Theoretical studies on the synthesis of SHE 290-302Og (Z=118) using 48Ca, 45Sc, 50Ti, 51V, 54Cr, 55Mn, 58Fe, 59Co and 64Ni induced reactions

K. P. Santhosh; V. Safoora

doi:10.1140/epja/i2018-12512-8

2023 Impact factor 2.6

Hadrons and Nuclei

Eur. Phys.
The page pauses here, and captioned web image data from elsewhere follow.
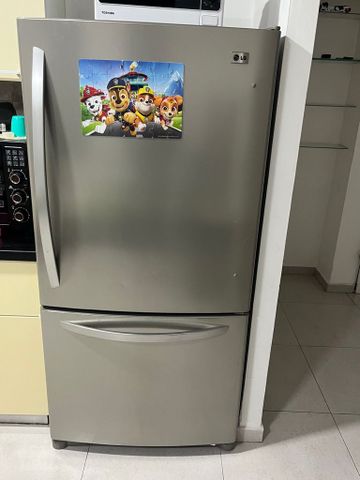 מקרר גדול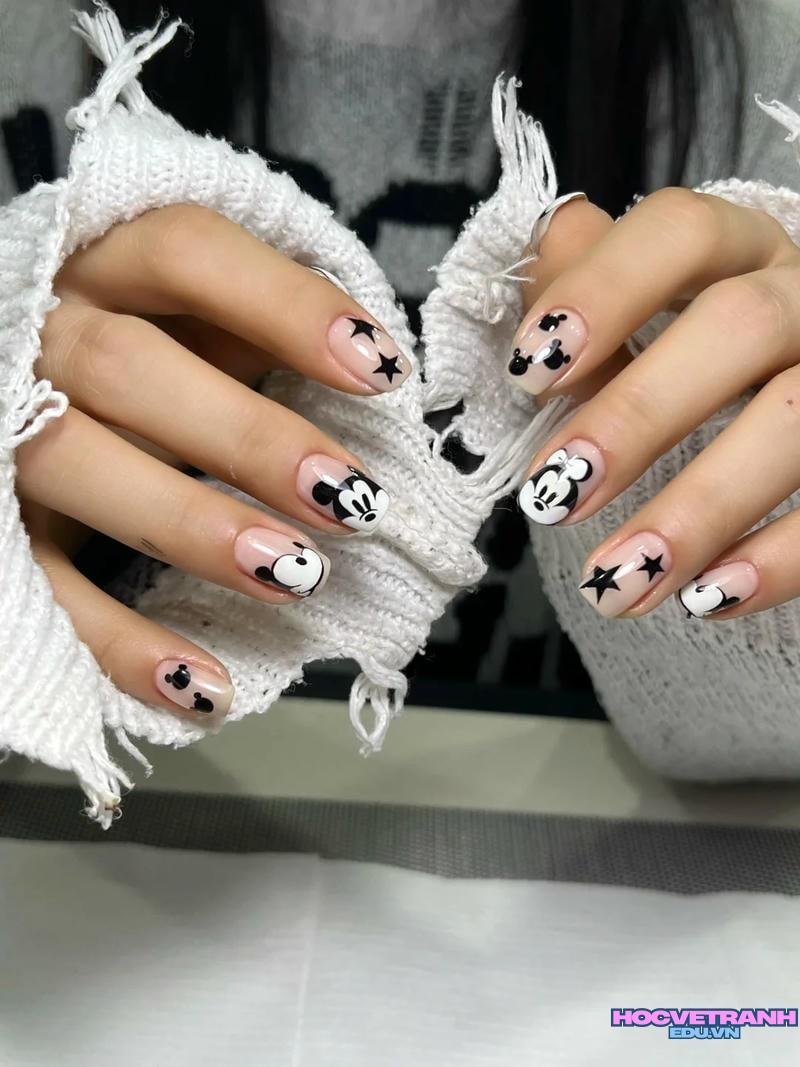 Loạt ảnh nail chuột mickey đẹp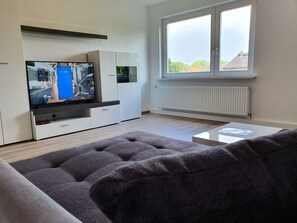 TV - Kernsaniertes Apartment in ruhiger und zentraler Lage by Interhome (Wilhelmshaven)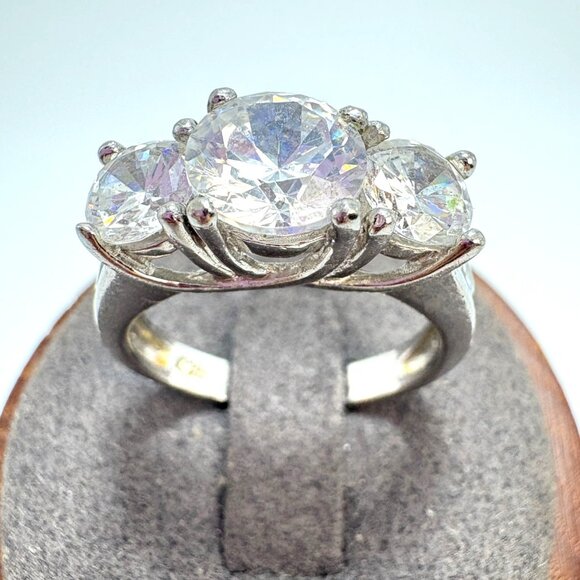 VTG Sterling Silver 925 Three Stone Cubic Zirconia Statement Ring Size 8.75 - Picture 3 of 12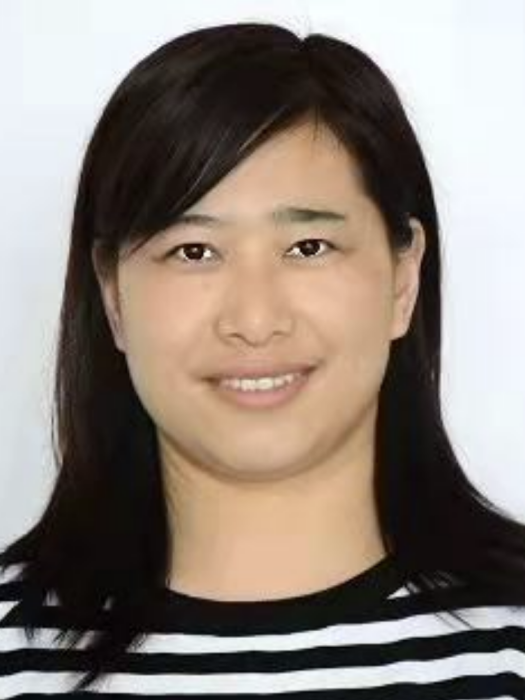 於霞(山東省聊城江北水城旅遊度假區教育體育中心副主任) 於霞(山東省聊城江北水城旅遊度假區教育體育中心副主任)
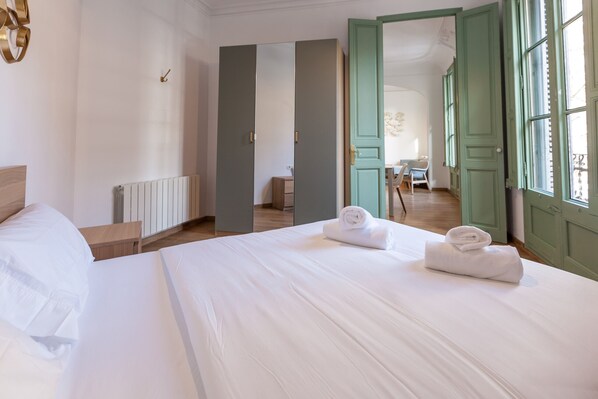 3 bedrooms, bed sheets - Modernist Apartment 2 (Barcelona)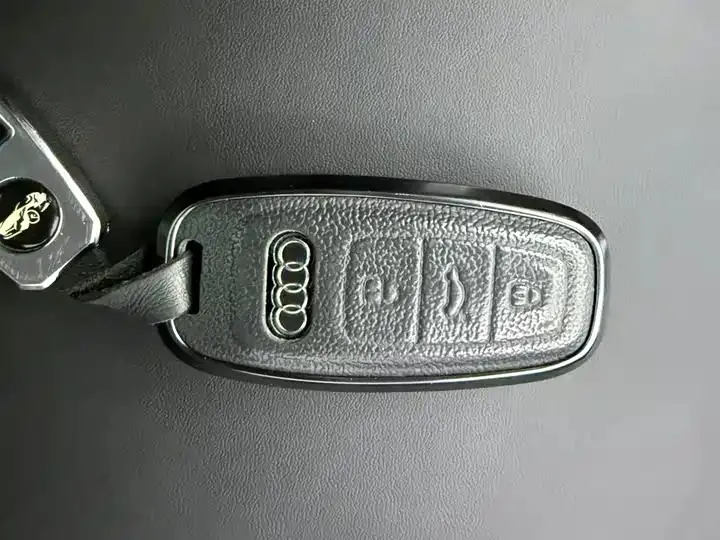 Audi A8 2023 A8L 50 TFSI quattro Selection 28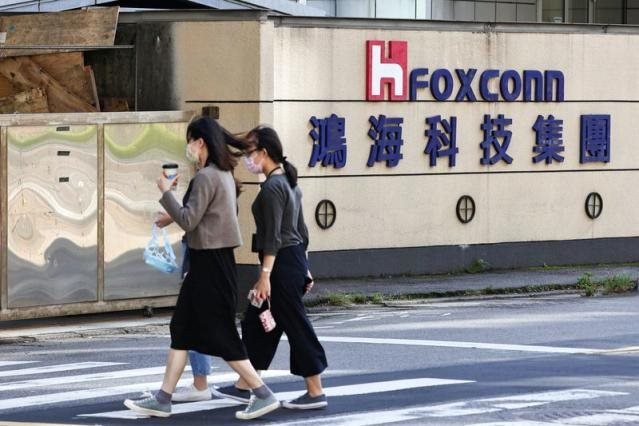 Trung Quốc đưa ra án phạt với Foxconn, điều bất ngờ nằm ở số tiền - Ảnh 1.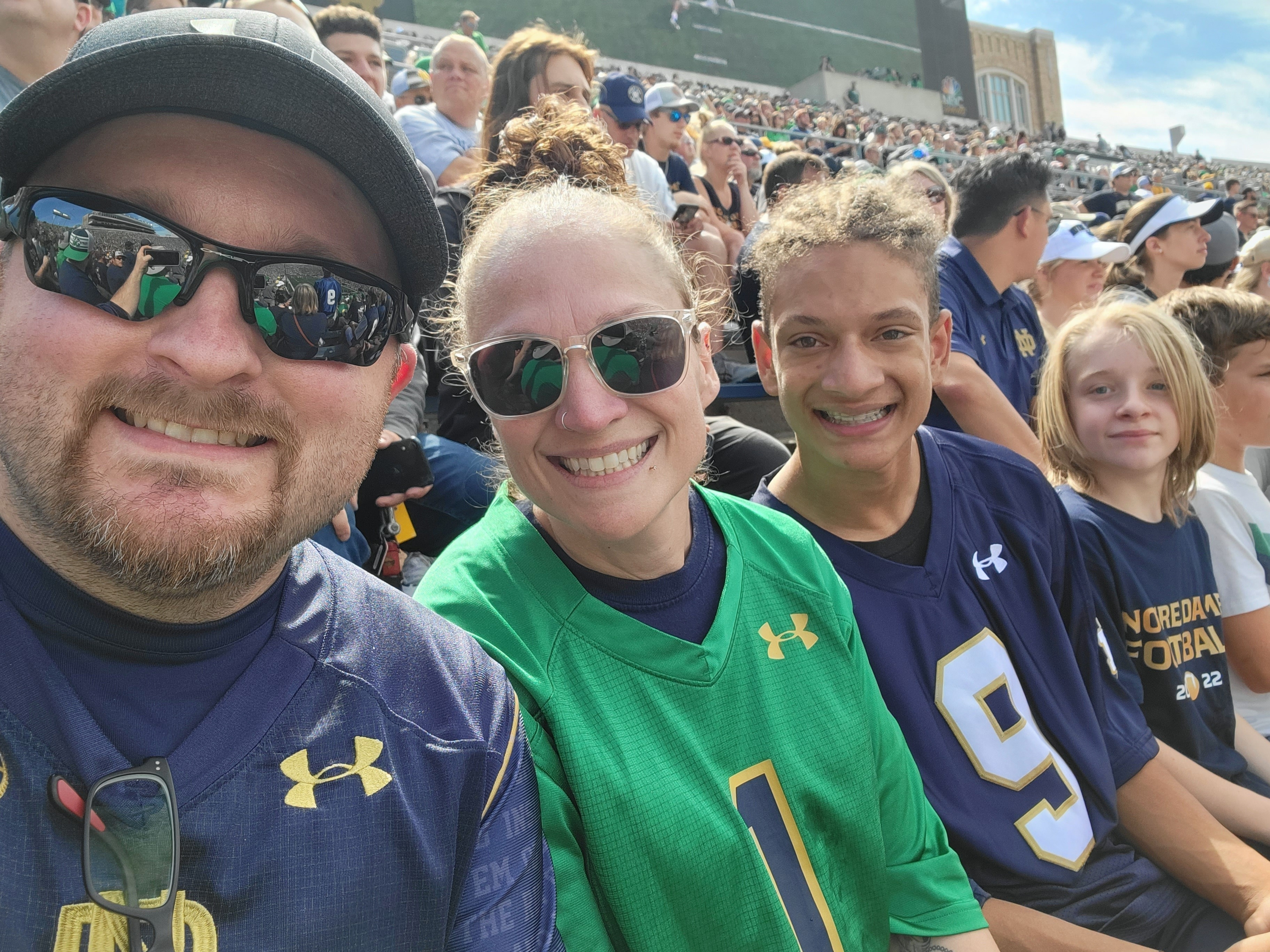 Notre Dame Fighting Irish - NCAA Football vs Marshall University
J. A (2018) 54: 80
https://doi.org/10.1140/epja/i2018-12512-8

Regular Article - Theoretical Physics

Theoretical studies on the synthesis of SHE ^290-302Og (Z=118) using ⁴⁸Ca, ⁴⁵Sc, ⁵⁰Ti, ⁵¹V, ⁵⁴Cr, ⁵⁵Mn, ⁵⁸Fe, ⁵⁹Co and ⁶⁴Ni induced reactions

K. P. Santhosh^* and V. Safoora

School of Pure and Applied Physics, Kannur University, Swami Anandatheertha Campus, 670327, Payyanur, Kerala, India

^* e-mail: drkpsanthosh@gmail.com

Received: 3 December 2017
Accepted: 16 April 2018
Published online: 17 May 2018

Abstract

Using the phenomenological model for production cross section (PMPC), the production cross sections for the synthesis of isotopes of superheavy element Og (Z = 118) using the fusion reactions ⁴⁸Ca+^249-254Cf $\rightarrow$ ^297-302Og, ⁴⁵Sc+^247,249Bk $\rightarrow$ ^292,294Og, ⁵⁰Ti + ^242-248,250Cm $\rightarrow$ ^292-298,300Og, ⁵¹V+^241,243Am $\rightarrow$ ^292,294Og, ⁵⁴Cr + ^238-242,244Pu $\rightarrow$ ^292-296,298Og, ⁵⁵Mn + ^235-237Np $\rightarrow$ ^290-292Og, ⁵⁸Fe + ^{232-236, 238}U $\rightarrow$ ^290-294,296Og, ⁵⁹Co + ²³¹Pa $\rightarrow$ ²⁹⁰Og, and ⁶⁴Ni + ^228-230,232Cm $\rightarrow$ ^292-294,296Og in $x\mathrm{n}$ $(x=3,4,5)$ evaporation channel have been systematically studied at energies near and above the Coulomb barrier. We have predicted most suitable projectile-target combinations for the synthesis of isotopes ^290-302Og among these reactions. Our calculated evaporation residue (ER) cross section values for the reaction ⁴⁸Ca + ²⁴⁹Cf $\rightarrow$ ²⁹⁷Og is in excellent agreement with available experimental values. For the synthesis of Og, among all the reactions mentioned above, the 3n channel cross section (2458 fb) is larger for ⁴⁸Ca + ²⁵¹Cf $\rightarrow$ ²⁹⁹Og; 4n channel cross section (212 fb) is larger for ⁴⁸Ca + ²⁵²Cf $\rightarrow$ ³⁰⁰Og and 5n channel cross section (34 fb) is larger for ⁴⁸Ca + ²⁵³Cf $\rightarrow$ ³⁰¹Og. The second largest 3n channel cross section (1143 fb) is obtained for the reaction, ⁵⁰Ti + ²⁴⁵Cm $\rightarrow$ ²⁹⁵Og. Our studies will be useful for the future experiments to synthesize the isotopes of element Og which are not synthesized so far. We have also studied the effect of the use of mass values and shell correction of the Warsaw group which leads to a smaller ER cross section compared to the Moller group.